Comment by kevingadd
13 years ago
Guild Wars did this in user mode in the background while playing - it did background testing of the user's CPU, RAM, and GPU. Machines that failed the tests were flagged so that their crash reports got bucketed separately (saving us the time of trying to understand impossible crashes), and it popped up a message telling the user their computer was broken.
So even if the OS should be doing this for you, for long-running processes you could do it yourself in user mode. (I don't know if it's worth the effort, though.)
That's exactly my plan with Redis, and it is awesome to discover that it was used with success in the past! But I've a problem given that I can't access memory at a lower level, that is, when to test and what?

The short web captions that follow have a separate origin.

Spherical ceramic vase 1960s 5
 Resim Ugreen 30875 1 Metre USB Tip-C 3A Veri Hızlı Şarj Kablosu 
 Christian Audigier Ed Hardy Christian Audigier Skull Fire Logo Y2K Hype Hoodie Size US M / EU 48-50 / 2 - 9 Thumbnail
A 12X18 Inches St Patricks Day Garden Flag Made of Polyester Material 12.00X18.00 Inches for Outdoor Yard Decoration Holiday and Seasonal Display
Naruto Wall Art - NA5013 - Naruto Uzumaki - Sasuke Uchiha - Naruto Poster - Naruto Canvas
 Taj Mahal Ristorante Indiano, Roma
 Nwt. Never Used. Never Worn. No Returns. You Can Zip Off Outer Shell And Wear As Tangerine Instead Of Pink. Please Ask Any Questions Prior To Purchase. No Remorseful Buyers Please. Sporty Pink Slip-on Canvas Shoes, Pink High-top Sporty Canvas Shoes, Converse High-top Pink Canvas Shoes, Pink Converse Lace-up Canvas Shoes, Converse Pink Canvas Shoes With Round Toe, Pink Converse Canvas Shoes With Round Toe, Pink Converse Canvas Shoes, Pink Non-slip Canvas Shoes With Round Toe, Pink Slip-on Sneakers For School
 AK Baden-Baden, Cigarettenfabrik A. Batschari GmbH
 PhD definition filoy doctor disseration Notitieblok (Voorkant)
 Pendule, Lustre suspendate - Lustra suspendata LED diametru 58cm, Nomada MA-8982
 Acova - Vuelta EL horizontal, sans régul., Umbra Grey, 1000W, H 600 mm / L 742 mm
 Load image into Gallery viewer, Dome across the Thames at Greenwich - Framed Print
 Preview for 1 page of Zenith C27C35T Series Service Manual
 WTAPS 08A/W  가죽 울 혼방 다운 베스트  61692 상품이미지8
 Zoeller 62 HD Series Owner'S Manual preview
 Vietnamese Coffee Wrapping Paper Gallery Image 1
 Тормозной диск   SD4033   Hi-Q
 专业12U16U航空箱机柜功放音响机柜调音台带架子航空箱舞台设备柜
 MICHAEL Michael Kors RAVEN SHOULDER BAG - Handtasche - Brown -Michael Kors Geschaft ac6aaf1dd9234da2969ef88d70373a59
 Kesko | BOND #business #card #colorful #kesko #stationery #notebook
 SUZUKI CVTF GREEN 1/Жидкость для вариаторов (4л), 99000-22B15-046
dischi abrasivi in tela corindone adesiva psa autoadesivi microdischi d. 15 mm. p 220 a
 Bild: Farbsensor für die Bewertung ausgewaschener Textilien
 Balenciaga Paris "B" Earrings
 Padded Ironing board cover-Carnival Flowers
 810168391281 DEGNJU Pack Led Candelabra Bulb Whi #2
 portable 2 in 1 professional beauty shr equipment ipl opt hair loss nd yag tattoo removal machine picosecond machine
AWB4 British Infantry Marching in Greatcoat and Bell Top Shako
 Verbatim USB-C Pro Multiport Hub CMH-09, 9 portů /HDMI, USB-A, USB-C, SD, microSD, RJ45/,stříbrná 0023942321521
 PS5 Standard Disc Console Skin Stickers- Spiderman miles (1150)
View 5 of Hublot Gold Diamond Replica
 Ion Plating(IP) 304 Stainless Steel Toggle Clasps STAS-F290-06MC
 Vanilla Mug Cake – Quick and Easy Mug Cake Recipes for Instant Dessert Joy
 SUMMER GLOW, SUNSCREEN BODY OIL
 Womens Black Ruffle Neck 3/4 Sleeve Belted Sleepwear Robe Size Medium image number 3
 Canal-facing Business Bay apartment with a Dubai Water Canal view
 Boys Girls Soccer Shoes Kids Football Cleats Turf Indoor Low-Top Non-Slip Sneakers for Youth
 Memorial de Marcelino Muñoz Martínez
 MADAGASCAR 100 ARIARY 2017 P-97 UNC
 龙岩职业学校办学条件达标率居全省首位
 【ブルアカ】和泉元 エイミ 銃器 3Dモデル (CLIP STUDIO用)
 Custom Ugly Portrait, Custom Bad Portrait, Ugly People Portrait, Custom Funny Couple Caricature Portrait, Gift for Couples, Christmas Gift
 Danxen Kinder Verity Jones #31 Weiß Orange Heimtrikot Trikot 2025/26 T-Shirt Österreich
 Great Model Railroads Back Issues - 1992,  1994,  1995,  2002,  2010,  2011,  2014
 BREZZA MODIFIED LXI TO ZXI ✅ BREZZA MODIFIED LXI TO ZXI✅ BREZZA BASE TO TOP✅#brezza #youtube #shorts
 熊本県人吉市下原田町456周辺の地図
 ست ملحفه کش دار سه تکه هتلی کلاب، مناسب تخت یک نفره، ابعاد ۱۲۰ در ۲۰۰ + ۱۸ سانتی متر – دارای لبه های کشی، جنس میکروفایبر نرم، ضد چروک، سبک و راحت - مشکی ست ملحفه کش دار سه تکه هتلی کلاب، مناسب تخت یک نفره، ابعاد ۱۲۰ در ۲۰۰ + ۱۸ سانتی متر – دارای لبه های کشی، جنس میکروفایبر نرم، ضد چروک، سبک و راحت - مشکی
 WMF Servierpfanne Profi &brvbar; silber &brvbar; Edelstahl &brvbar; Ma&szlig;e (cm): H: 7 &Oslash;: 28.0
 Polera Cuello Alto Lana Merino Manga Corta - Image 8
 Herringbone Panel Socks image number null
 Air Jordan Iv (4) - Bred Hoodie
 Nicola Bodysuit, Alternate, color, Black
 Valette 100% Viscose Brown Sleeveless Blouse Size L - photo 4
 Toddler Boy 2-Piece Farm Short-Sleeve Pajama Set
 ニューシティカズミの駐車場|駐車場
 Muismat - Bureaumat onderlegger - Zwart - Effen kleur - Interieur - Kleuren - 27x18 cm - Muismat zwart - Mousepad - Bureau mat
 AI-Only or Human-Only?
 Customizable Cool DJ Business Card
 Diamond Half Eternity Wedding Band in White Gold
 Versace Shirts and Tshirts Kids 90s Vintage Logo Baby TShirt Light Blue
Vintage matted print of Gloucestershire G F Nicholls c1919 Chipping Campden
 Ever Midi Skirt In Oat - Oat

I've the following possibilities basically:
1) Test on malloc(), with a given probability, and perhaps only up to N bytes of the allocation, for latency concerns.
2) Do the same also at free() time.
3) From the time to time test just allocating a new piece of memory with malloc of a fixed size, test it, and free it again.
"3" is the one with the minimum overhead, but probably 1+2 have a bigger percentage of hitting all the pages, eventually...
I don't have a broken memory module to test different strategies, I wonder if there is a kenrel module that simulates broken mem.
Note that Redis can already test the computer memory with 'redis-server --test-memory' but of course this requires user intervention.
That's really smart.